Si on regarde bien, ces réformes arrangent tout le monde. Elle font le jeu des idéologues, ces « penseurs » du système qui promeuvent leurs thèses. Mais elles font également plaisir à la gauche comme à la droite, parce qu’elles permettent des gains financiers énormes. Plus d’interdisciplinarité, cela signifie moins d’heures disciplinaires à payer. Je peux vous envoyer un emploi du temps sur lequel j’ai rayé les heures disciplinaires qui disparaissent, c’est éloquent (voir document en fin d’interview). Enfin, vis-à-vis du grand public, c’est sympathique. Je pense que c’est l’alliance de ces facteurs. Pour les partis politiques, il y a le souci que la facture de l’éducation nationale ne soit pas trop salée, et que pour l’électorat, ça passe bien. Et là, regardez la communication ministérielle, on a quelque chose de très séduisant ! Les enfants vont s’amuser ! On s’ennuyait à l’école, là, enfin, avec les activités interdisciplinaires, ce sera un enseignement beaucoup plus sympa… C’est quelque chose qui est vraiment démagogique et les politiques espèrent glaner des voix avec ça. Avec ce type de réforme, on s’inscrit dans un temps électoral au lieu de s’atteler à ce qui est le vrai problème de l’école.
De quoi s’agit-il ?
Ce sont tous ces élèves qui n’apprennent ni à lire, ni à écrire correctement à l’école primaire. Là, il faudrait vraiment mettre le paquet… Si on voulait vraiment changer quelque chose, à la fois à l’école primaire et au collège – puisque le collège est la continuité de l’école primaire -, c’est d’abord ce sur ce point qu’il faudrait insister : travailler sur l’apprentissage de l’écriture et de la lecture. Mais pas décréter qu’on apprend à lire jusqu’à 11 ou 12 ans, c’est aberrant ! Un enfant de cet âge-là qui n’a pas appris à lire, c’est très difficile pour lui. Et les instituteurs de CM ont autre chose à faire que de reprendre les bases de la lecture. Il faut que cela soit fait correctement en CP.
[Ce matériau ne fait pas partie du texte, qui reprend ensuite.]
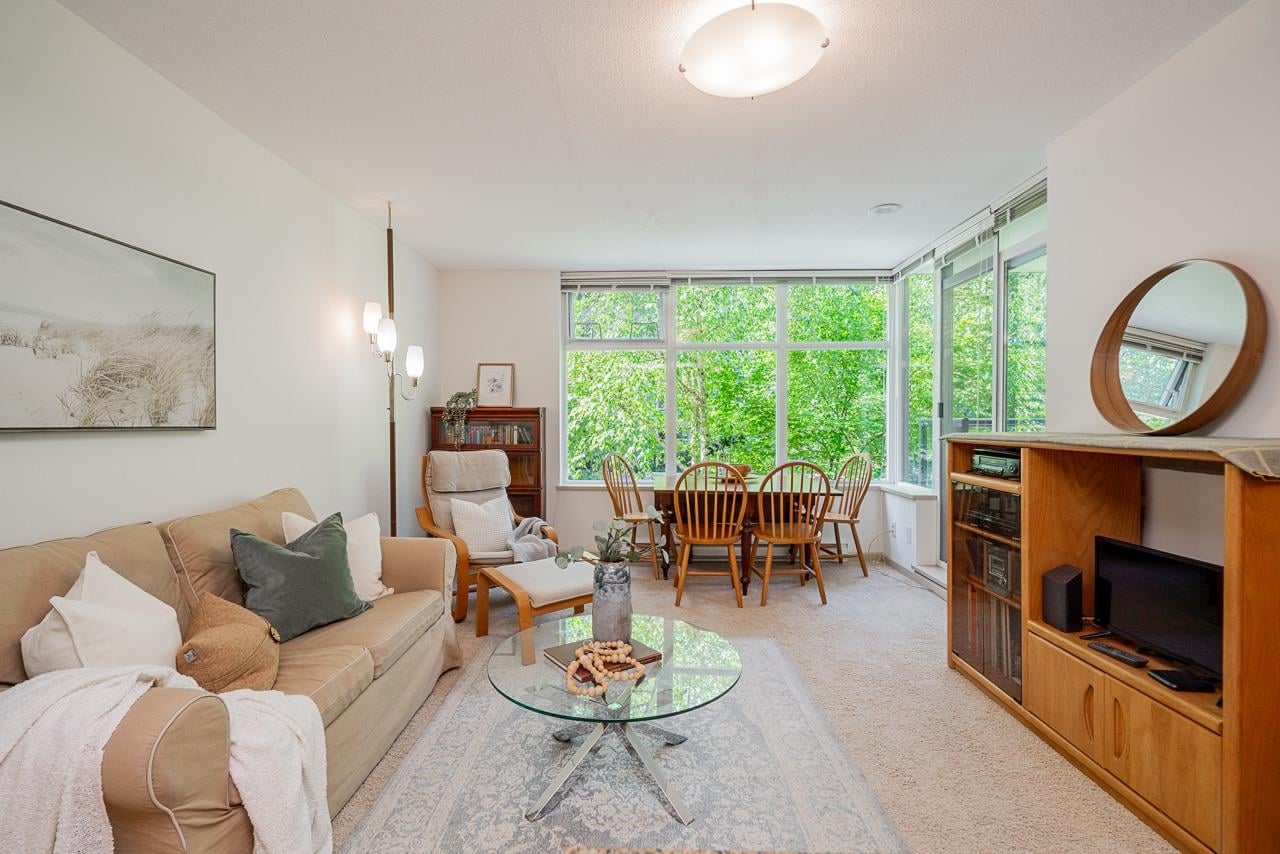 Additional image 6 of 204-9262 University Crescent, Burnaby, BC, V5A 0A4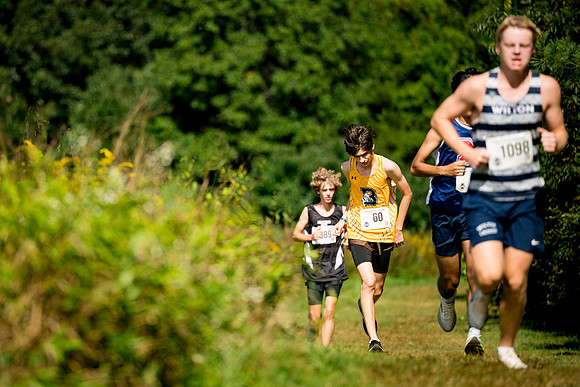 crosscountry_2026-09-20_ah_0111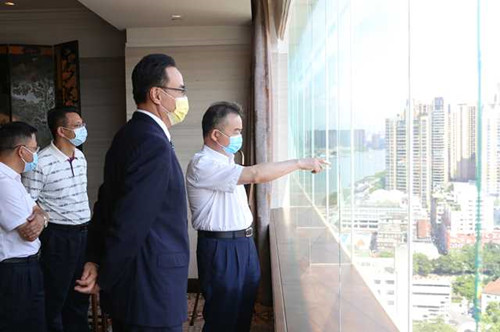 微信圖片_202207211428452_副本.jpg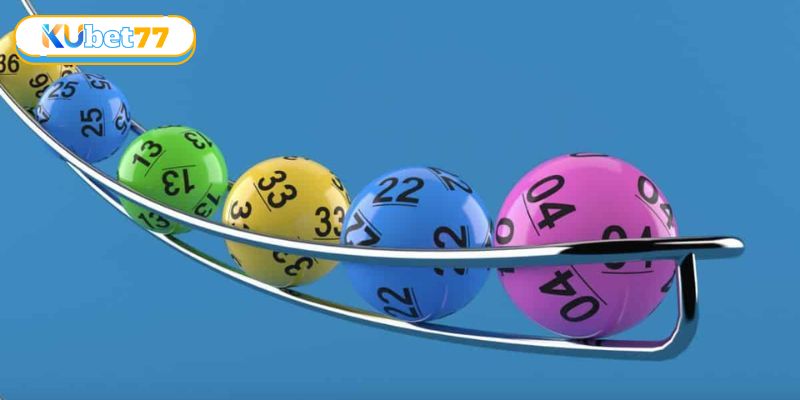 Tổng hợp những cách ghi nhớ siêu hiệu quả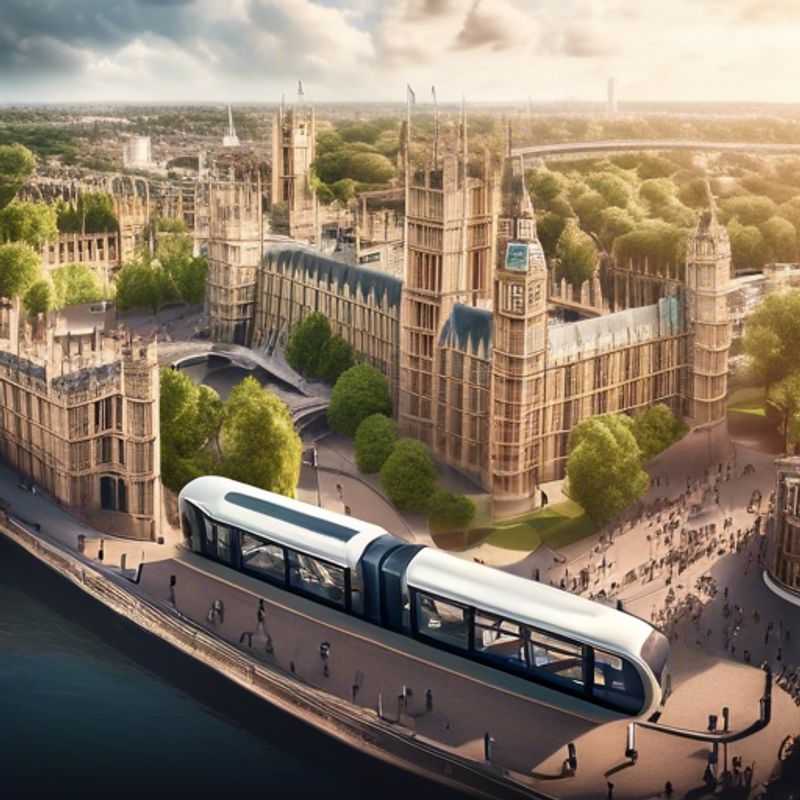 London Calling: Cracking the Cost Code – A Budget-Friendly Sherlockian Adventure!<h3>Is London Bankrupting Your Budget? A Guide to Navigating the Capital's Costs (and Avoiding the Pickpockets!)</h3><h3>Fort Knox or Friendly City? Deciphering London's Expenses: A Traveler's Guide to Safe & Secure Spending</h3><h3>London's Labyrinth: Unlocking the Secrets to Safe and Affordable Travel (without sacrificing the scones!)</h3><h3>From Buckingham Palace to Budget Backpacks: A Practical Guide to Safe & Secure Travel in London</h3><h3>Navigating the Thames & Your Travel Budget: A Comprehensive Guide to Safe and Affordable London Adventures</h3><h3>London's Hidden Gems: Unveiling the City's Budget-Friendly Secrets (and Staying Safe While You're at It!)</h3><h3>The Case of the Missing Pound: Solving London's Cost Conundrum with Safety & Style</h3><h3>London's Legendary Landmarks: A Treasure Hunt of Affordable Adventures (plus essential safety tips!)</h3><h3>Decoding London: A Traveler's Guide to Staying Safe, Secure & Sensational Without Breaking the Bank</h3>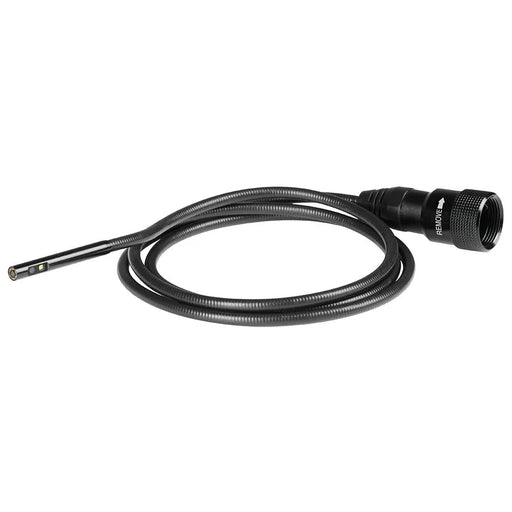 Milwaukee 5mm Borescope Camera Cable 48-53-3150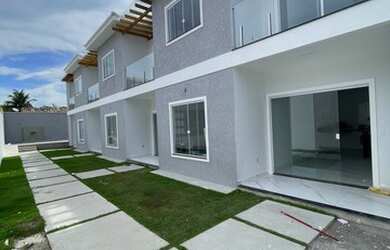 Imagem 6: Casa de Condomínio em Paraíso dos Pataxós - Porto Seguro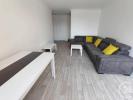 Louer Appartement Alfortville 504 euros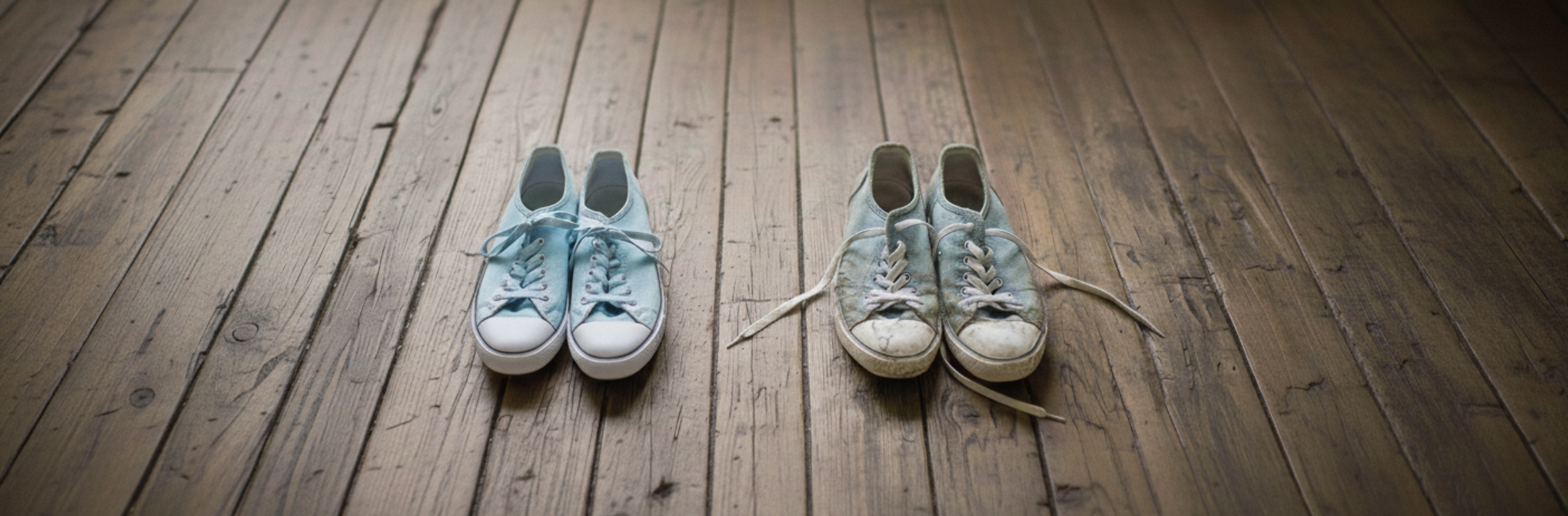 Why Midlife Feels Harder Than It Should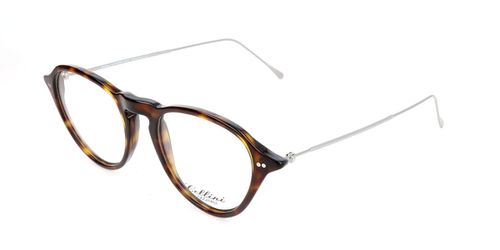 Cellini 1412 Men's Glasses, Tortoiseshe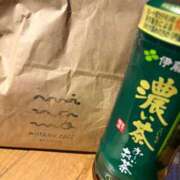 虹（にじ） お礼日記🥰 NOA（ノア）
Le niveau de lecture chez les collégiens est-il à ce point catastrophique ?
Vous trouverez sur le site du HCE un rapport dont je vous recommande la lecture attentive des premières pages, en particulier des pages 9 et 10. Elles permettent de prendre la mesure du désastre de l’enseignement de la lecture en France. On parle souvent des 15% d’élèves qui sortent de Primaire sans maîtriser même le déchiffrage. On a l’impression qu’on a alors fait le tour de la question. Et l’on découvre ici qu’il faut y ajouter 25% d’élèves qui, s’ils déchiffrent, ont trop de lacunes en vocabulaire, en syntaxe et en culture générale pour comprendre un texte simple et être autonomes en lecture au collège. Il est facile, dans ces conditions, de pointer le collège comme « maillon faible » du système éducatif. On nous reproche de ne pas « récupérer » scolairement des élèves qui sont sortis de l’école sans savoir lire ni écrire correctement, avec seulement 4 heures et demie de Français par semaine. Ma théorie, c’est que le maillon faible du système scolaire, c’est l’école primaire. Elle ne cache la misère que grâce aux livrets de compétences qui ont remplacé les notes, mais la réalité éclate au collège dans toute sa crudité. Enfin, avec se qui se dessine, il est probable que, à défaut d’apprendre à lire aux enfants, nous parviendrons bientôt à masquer leurs difficultés au collège aussi, grâce aux EPI et à l’évaluation par compétences. Ce sera sans doute le seul apport « positif » de cette réforme.
Quel regard jetez-vous sur votre vingtaine d’années passées à enseigner ?
Ayant connu 3 grands changements de programmes, j’en tire une conclusion en forme de lapalissade : moins on fait de Français, moins les élèves maîtrisent le français. Ça vous paraîtra sans doute évident, mais il faut croire que ça ne l’est pas pour nos législateurs. Le Ministère publie sur son site des graphiques éloquents : ils ne s’interrogent pas sur le fait qu’en 2001, avec Jack Lang et les Itinéraires De Découverte, on a supprimé des heures en Français, en Maths et en Histoire-Géographie, les trois matières dont les résultats (en baisse constante) sont interrogés par ces graphiques. Et on s’apprête à refaire la même chose avec les EPI.